● **Required work**
Below are the entries; give again exactly the lines from the one mentioning "Oval shape of" through the one mentioning "Download Australia ING", inclusive.

Record extracts section start

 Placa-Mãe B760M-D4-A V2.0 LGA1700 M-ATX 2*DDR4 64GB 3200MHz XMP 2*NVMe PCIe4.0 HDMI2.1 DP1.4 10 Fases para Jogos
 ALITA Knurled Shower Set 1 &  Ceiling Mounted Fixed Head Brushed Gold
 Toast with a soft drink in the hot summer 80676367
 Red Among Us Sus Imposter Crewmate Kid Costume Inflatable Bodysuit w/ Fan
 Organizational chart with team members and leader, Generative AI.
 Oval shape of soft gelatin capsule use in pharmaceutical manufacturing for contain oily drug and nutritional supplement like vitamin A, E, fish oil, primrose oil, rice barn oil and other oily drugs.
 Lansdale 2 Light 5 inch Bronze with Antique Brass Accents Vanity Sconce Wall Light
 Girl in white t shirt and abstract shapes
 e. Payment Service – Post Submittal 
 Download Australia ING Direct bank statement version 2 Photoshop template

Record extracts section end
Record extracts section start

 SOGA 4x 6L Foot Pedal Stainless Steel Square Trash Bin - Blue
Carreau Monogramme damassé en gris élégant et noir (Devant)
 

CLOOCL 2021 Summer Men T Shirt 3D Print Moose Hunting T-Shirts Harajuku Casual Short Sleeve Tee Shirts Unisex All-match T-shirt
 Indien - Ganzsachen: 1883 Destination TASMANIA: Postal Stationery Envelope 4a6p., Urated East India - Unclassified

Record extracts section end

● **Answer space**
 Oval shape of soft gelatin capsule use in pharmaceutical manufacturing for contain oily drug and nutritional supplement like vitamin A, E, fish oil, primrose oil, rice barn oil and other oily drugs.
 Lansdale 2 Light 5 inch Bronze with Antique Brass Accents Vanity Sconce Wall Light
 Girl in white t shirt and abstract shapes
 e. Payment Service – Post Submittal 
 Download Australia ING Direct bank statement version 2 Photoshop template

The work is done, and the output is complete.